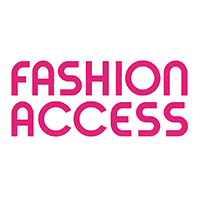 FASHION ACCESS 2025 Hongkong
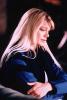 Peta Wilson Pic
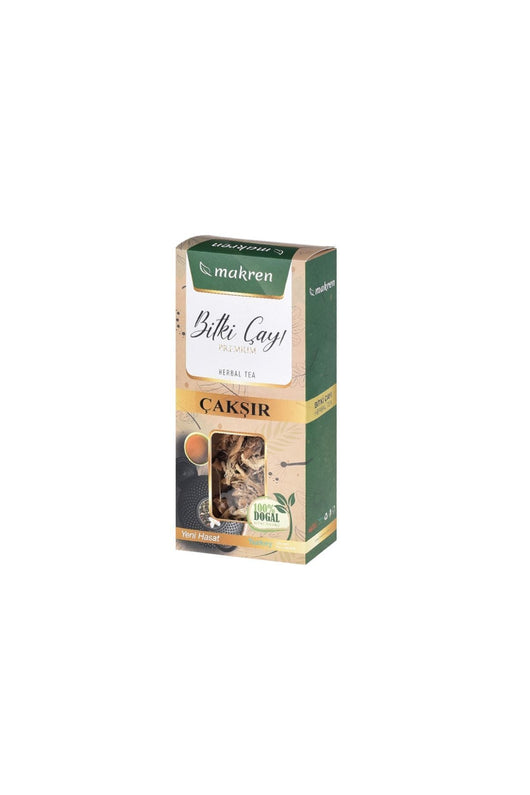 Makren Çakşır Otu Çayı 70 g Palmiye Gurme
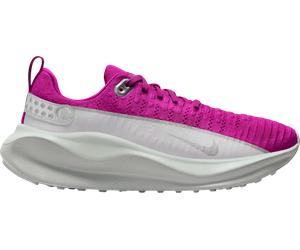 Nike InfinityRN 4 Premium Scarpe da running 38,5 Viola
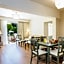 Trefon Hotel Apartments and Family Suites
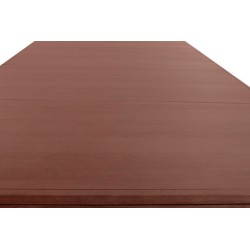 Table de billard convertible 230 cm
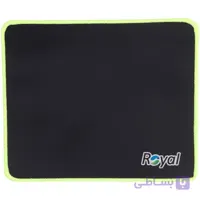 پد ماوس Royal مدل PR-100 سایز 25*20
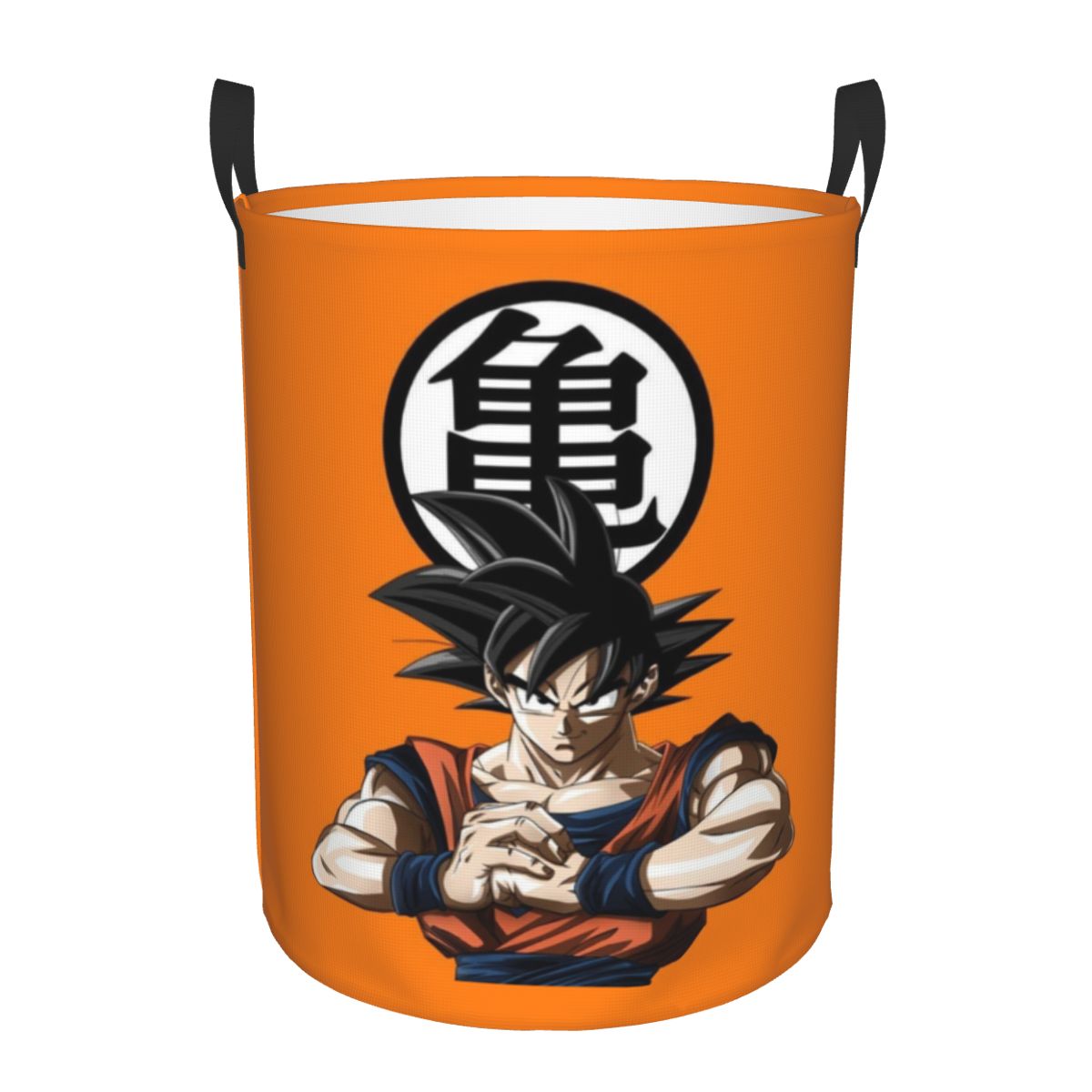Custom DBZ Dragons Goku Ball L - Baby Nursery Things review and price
□ □ □ □ □
* **GOAL OF THE EXERCISE**:
The entries are to be reproduced exactly, excluding any pictures they contain.

* **SOLUTION**:
 FASHION ACCESS 2025 Hongkong
 Peta Wilson Pic
 Makren Çakşır Otu Çayı 70 g Palmiye Gurme
 Nike InfinityRN 4 Premium Scarpe da running 38,5 Viola
 Trefon Hotel Apartments and Family Suites
 Table de billard convertible 230 cm
 پد ماوس Royal مدل PR-100 سایز 25*20
Custom DBZ Dragons Goku Ball L - Baby Nursery Things review and price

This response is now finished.